Il tessuto osseo è estremamente dinamico, esso si rinnova continuamente e subisce processi di


smantellamento e ricostituzione della sua sostanza fondamentale ad opera di 2 particolare tipi
cellulare: gli osteoclasti che liberano idrolasi acide che hanno il compito di dissociare i sali minerali
e distruggere le fibre collagene in modo da poterli riassorbire provvedendo così alla demolizione
della tessuto osseo, e gli osteoblasti che sintetizzano nuova matrice fondamentale. Questi processi
sono fondamentali anche per mantenere l’omeostasi del calcio nel sangue.

Le articolazioni
Le singole ossa sono collegate tra loro attraverso le articolazioni.

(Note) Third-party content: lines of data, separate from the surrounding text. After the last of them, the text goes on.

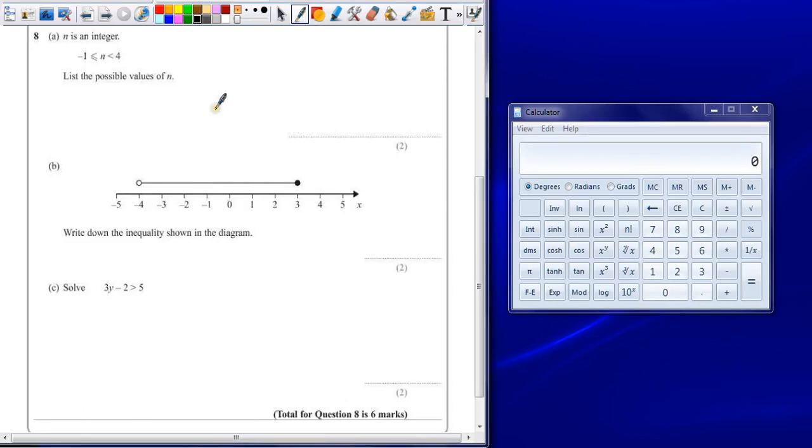Question 8. A. n is an integer. List the possible values of n.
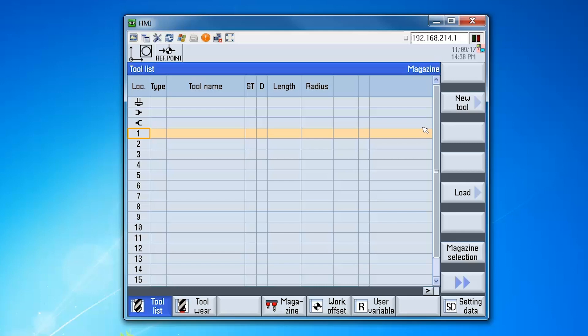Let's review the steps that are required in order to configure tool management on the 840D solution line control. Before you can use tool management, there are several machine data which must be set up. These enable the tool management functionality on the control system. You must also create and activate a configuration. There are template configurations available on the control which you can use and modify to match your requirements.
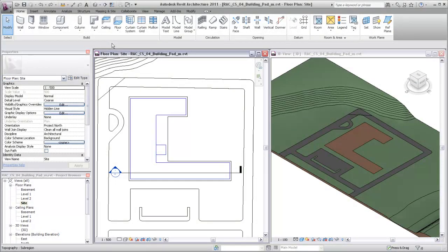In Revit, you can place a pad element on a toposurface to establish a position for your building model. Although pads are primarily used for below-grade conditions, the toposurface will be cut out or built up as necessary to accommodate your pad placement.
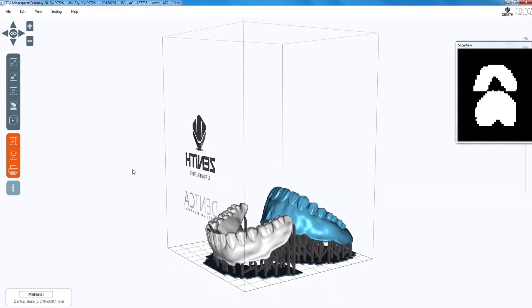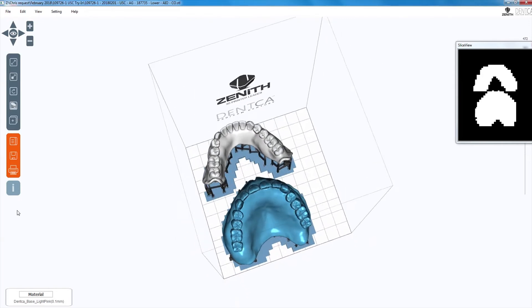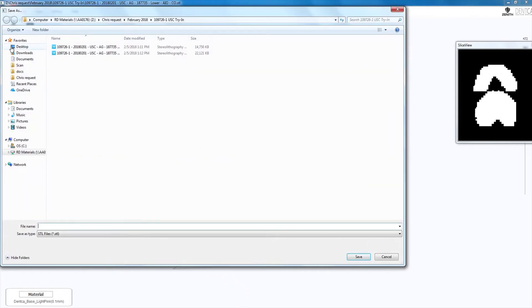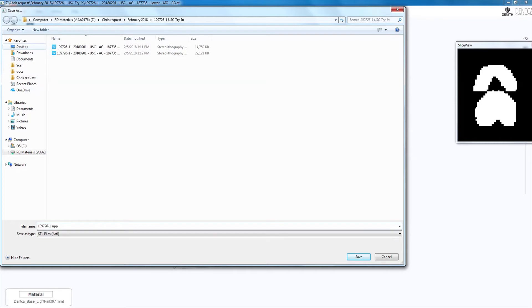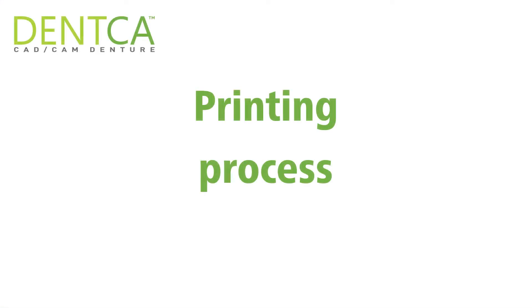When finished, your design files should look like this. Printing process.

Secondo l’ampiezza dei
movimenti che permettono, le articolazioni si suddividono in:
- Articolazioni fisse: chiamate anche suture, si trovano tra le ossa del cranio, non hanno mobilità ma
solo elasticità.
- Articolazioni semimobili: consentono una mobilità limitata, come quelle tra le vertebre della
colonna vertebrale.
- Articolazioni mobili: sono le più numerose, consentono movimenti ampi, come ad esempio la
scapolo-omerale, il ginocchio, la coxo-femorale.

Scheletro assile

Lo scheletro assile è l'asse portante del nostro corpo e comprende le ossa del cranio e quelle del
tronco (colonna vertebrale e gabbia toracica).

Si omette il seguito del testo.